As of March 1, consumers can pre-order drones from Apple that are smart enough to follow them around.
Chinese company DJI has partnered with Apple to offer its new $1,399 Phantom 4 drone, Recode reports. The flying machine has artificial intelligence software that allows it recognize everything from cars to humans and follow them. Earlier drone models have only been able to follow humans by connecting to a device held by the user.
The Phantom 4 is also equipped with an "Obstacle Sensing System" that's made up of two forward-facing sensors enabling the drone to dodge any obstacles in its path, while traveling at speeds of up to 45 mph. DJI is selling the Phantom 4 exclusively through its website and Apple.com, but will make the product available in Apple retail locations in Asia starting March 15, Recode reports.

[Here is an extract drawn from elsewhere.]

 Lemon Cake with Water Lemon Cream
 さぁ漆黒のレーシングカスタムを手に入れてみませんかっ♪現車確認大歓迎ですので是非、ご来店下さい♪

The largest drone manufacturer in the world, DJI says it is the preferred brand of drones for roughly 70 percent of companies globally that use the flying devices for commercial purposes, like shooting video, mapping areas, and completing aerial inspections. It anticipates that the Phantom 4 will be used by outdoor enthusiasts who want to shoot video while doing things like running, skiing, kayaking, or surfing.
At the same time that drones are adding nifty new features like autonomous navigation, however, the unmanned aerial vehicles are becoming more of a security concern for governments around the world, the Guardian reports. The U.S. Federal Aviation Authority says it received more than 100 reports of drones flying dangerously close to airplanes every month, Gizmag reports. To prevent accidental collisions between drones and planes, the FAA is developing technology for detecting drones that are getting close to sensitive airspace.
In the U.K., 23 near-misses involving drones and aircraft have been investigated during a six-month period by the UK Airprox Board, with 12 deemed as having a "serious risk of collision," the Guardian reports. A quadcopter drone flying into a jet engine could result in something called "uncontained engine failure."
"Losing the engine is not going to cause an aircraft to crash because they are designed to fly with one engine down, but an uncontained engine failure is going to be different indeed," British Airways pilot Steve Landells told the Guardian. "That could be very serious indeed." Think high velocity bits of metal shrapnel flying every which way.
The F.A.A. is expected to test its drone detection technology for several more months before publishing a final report in August 2016.